Catching Up With Directors Leila Petersen and Chris Paine
Some of our favorite green documentary directors have been attendance at Hollywood Goes Green; most notable being Leila Connors Petersen of The 11th Hour and Chris Paine of Who Killed The Electric Car.
Ms. Petersen joined a panel titled “Pitching, Producing and Marketing Environmental Themes in Feature Films” and offered some insightful commentary on the differences between The 11th Hour and An Inconvenient Truth in terms of marketing, timing, and participation. The most pertinent of those three being DiCaprio’s limited availability for promotion (due to tight filming schedules), while Gore was able to continuously push and stump for AIT. Box office numbers for the 11th, while much lower than AIT, were in fact almost 10 times above the average for theatrically released documentaries.

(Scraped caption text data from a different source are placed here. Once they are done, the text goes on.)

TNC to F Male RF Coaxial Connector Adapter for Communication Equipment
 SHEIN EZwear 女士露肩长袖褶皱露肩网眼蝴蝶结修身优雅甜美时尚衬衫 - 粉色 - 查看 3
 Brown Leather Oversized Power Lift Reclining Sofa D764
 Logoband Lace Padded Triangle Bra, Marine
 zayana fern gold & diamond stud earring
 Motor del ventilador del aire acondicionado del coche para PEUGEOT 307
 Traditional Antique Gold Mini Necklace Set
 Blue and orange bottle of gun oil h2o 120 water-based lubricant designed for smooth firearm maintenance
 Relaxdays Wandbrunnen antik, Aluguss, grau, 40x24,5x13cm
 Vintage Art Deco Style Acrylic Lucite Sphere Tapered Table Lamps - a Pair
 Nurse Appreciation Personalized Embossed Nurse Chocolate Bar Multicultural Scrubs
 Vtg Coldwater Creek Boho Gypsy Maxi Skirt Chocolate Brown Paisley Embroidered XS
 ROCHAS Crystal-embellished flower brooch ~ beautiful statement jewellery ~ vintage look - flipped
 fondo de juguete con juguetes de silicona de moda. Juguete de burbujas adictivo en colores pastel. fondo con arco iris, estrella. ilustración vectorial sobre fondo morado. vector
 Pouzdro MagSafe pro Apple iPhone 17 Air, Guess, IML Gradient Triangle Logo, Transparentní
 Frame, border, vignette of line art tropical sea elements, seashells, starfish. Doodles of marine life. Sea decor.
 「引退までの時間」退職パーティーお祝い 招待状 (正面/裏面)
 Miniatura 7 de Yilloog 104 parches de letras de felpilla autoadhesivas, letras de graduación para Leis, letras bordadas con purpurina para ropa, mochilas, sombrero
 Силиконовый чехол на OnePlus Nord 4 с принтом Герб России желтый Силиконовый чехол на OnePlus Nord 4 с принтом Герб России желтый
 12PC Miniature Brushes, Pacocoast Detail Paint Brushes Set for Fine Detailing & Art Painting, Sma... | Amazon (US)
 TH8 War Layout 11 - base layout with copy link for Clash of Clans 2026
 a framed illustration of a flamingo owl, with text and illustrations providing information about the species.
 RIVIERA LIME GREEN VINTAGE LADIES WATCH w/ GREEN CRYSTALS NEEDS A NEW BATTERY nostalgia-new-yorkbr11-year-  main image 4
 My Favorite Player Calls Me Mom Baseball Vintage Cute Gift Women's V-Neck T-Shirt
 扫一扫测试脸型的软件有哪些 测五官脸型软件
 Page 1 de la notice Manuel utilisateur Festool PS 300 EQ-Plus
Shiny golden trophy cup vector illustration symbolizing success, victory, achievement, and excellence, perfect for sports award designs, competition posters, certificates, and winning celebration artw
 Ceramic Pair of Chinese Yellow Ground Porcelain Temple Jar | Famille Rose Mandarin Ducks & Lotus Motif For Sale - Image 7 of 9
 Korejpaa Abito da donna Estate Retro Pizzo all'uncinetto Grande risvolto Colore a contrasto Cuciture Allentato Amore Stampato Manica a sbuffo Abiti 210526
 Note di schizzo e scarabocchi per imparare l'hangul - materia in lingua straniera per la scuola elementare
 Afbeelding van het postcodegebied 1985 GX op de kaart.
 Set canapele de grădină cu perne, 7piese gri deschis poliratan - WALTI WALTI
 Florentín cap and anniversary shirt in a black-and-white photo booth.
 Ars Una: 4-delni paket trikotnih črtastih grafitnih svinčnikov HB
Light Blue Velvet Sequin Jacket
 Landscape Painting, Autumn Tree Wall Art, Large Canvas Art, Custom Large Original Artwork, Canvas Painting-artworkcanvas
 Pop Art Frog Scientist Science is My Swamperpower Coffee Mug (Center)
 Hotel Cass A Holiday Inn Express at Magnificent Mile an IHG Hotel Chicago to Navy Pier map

When I briefly talked with Leila after her presentation, one area I did compliment her on was the 11th’s very strong internet presence. Whereas AIT has not updated climatecrisis.net for over a year, Petersen’s production company Tree Media is continuously feeding 11thHourAction.org with the latest in green news, inspirational stories, and eco-friendly advice. “It’s entirely an in-house effort,” she said. “We have all our own writers and intend to continue the message of The 11th Hour going forward through this site. We’ll be expanding our Take Action section in the future to include even more businesses, organizations, and individuals.”
Remember Chris Paine’s next icy adventure? The director of the successful Who Killed The Electric Car was working on a film about alternative fuel vehicles driving to Antarctica in a race tentatively titled ‘Test Zero’. The race would include a bio-fueled car, a hydrogen fuel-cell car, and battery-based car. At an after-party last night, I asked Chris how that documentary was proceeding. “We’ve had some setbacks,” he said. “A grant we were expecting did not come through and the logistics of the operation muddled efforts to get the project running.” Chris mentioned that the project is evolving to potentially include Greenland instead of Antarctica and some additional “renewable energy” technology in the mix.